More Thinking Like Jesus
This last week or so was a busy one. We had the Juneteenth Celebration at St. Paul’s, our first Summer Hang Out at the Sandbox, Onwards & Upwards on Sunday, and a wild power-knocking-out storm (the church lost a few roof shingles…not too bad!). What a week!
I want to remind you that this Sunday is our next All In New Members Class. If you’re thinking of becoming a member at Central, looking to learn more about the church and membership, or want to hear more about how things work around here, please do come to the class. It’ll be from 11:00 to about 12:30. If you are planning on coming, please let me know asap! Childcare will be available if you need it (just make sure to let me know).
And speaking of membership in the church…right now, in our Central Reads bible reading plan, we are reading, perhaps, the letter on the ins and outs of church membership: First Corinthians.
If you ever think we (as a church) have problems, read this letter!!!
The reason I love First Corinthians is because the church in Corinth had ALL the problems (and so it should make us feel better!), and Paul utilizes his creative theological thinking to address them – from Jesus, outwards. It’s an amazing exercise in thinking Christ-centered (kind of like what I talked about on Sunday), and we have much to learn from the Corinthians and Paul’s dealing with them.
Division in the church…how can we reason with Jesus at the center of our thinking?
A guy sleeping with his mother in law…how can we think from Christ forward?
People not being considerate, showing others up in the church…how does thinking like Jesus change us?
Today’s reading includes the question: how should we use our bodies, i.e., our earthly, physical existence? And along with that, how should we think about our bodies? Are ‘our’ bodies even ours? Look at what Paul ends chapter 6 with:
19Or do you not know that your body is a temple of the Holy Spirit within you, which you have from God, and that you are not your own? 20For you were bought with a price; therefore glorify God in your body.
Our bodies – and indeed, our whole lives – are a gift from God, and so according to Paul, ‘our’ bodies (and lives) are not truly ours. We belong, first and foremost, to God. We have a purpose: to be a temple – a house – for God’s Spirit to live within us, so that when people meet us, in a way, they come to God’s ‘house’ – and meet God.
According to Paul, we are to be the ‘place’ where people can meet God.

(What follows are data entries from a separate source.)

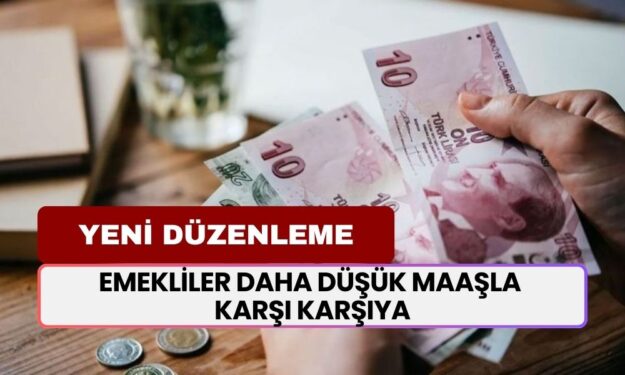 2008 Sonrası Sigortalılar için Kritik Uyarı: Emeklilikte Düşük Maaş Tehlikesi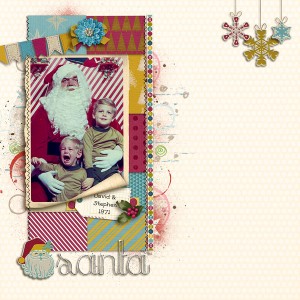 Santa
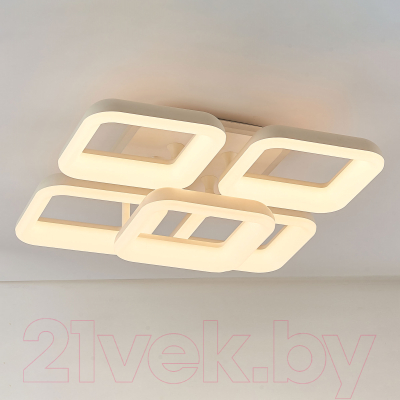 Потолочный светильник Citilux Паркер CL225A250E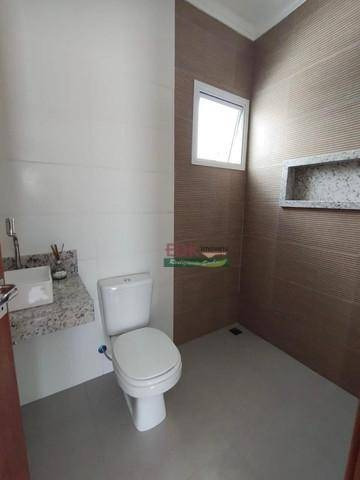 Imagem 13 de 17 de Casa Com 3 Dormitórios À Venda, 125 M² Por R$ 490.000 - Parque São Domingos - Pindamonhangaba/sp - Ca6169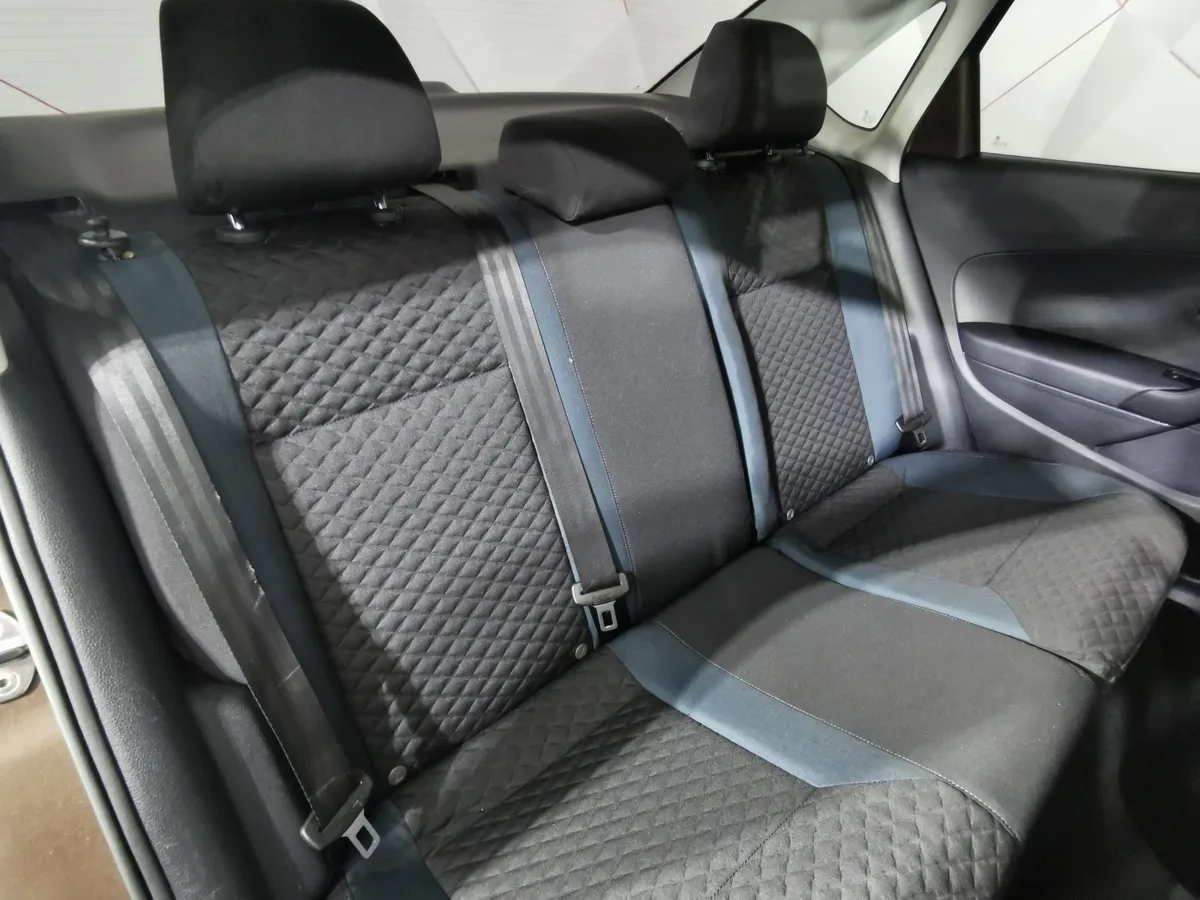 Volkswagen Polo 1.6 Tiptronic (105 л.с.) Comfortline Коричневый в АВИЛОН. Слайд №16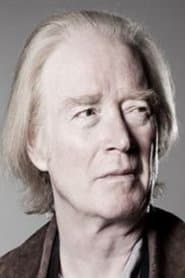 Struan Rodger as The Client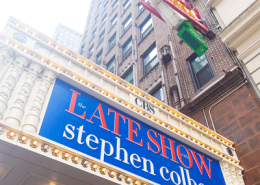 late show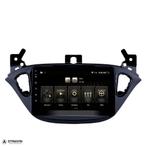 Navigatie opel corsa vanaf 2015 carkit android 13 carplay, Auto diversen, Nieuw, Ophalen of Verzenden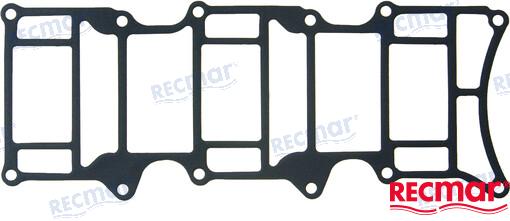 YAMAHA INTAKE GASKET | OEM  61A-13645-00 | INTAKE GASKET | RECMAR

Amazing. Kind of scary. And incomparably dignifying.
Is there a higher calling?
Therefore, seeing ourselves as belonging to God first – we should live our lives ‘worthy’ (as Paul likes to say) of that awesome gift and calling. The question to ask ourselves is:
do we actually think like this?
…or do we think that we first belong to ourselves (so we can do whatever we want with our bodies…and our lives, time, resources, etc.)?
As I challenged you on Sunday: we need to know how to think like Jesus. This little snippet from First Corinthians is another example of how different that kind of thinking is. As you keep reading from First Corinthians – as well as the rest of the New Testament – the examples will keep coming up and, if we let them, keep hitting us in the face.
Thinking like Jesus is such a different way of thinking than we’re used to that Paul says it won’t do to just nibble around the edges. Instead, our entire minds have to be renewed – so that our entire lives may be transformed…and the only way that happens is when we present our lives as living sacrifices (Romans 12:1-2)…kind of like Jesus did (according to Philippians 2)…which is kind of (exactly) like what we’re taking about on Sunday…so, don’t miss this Sunday!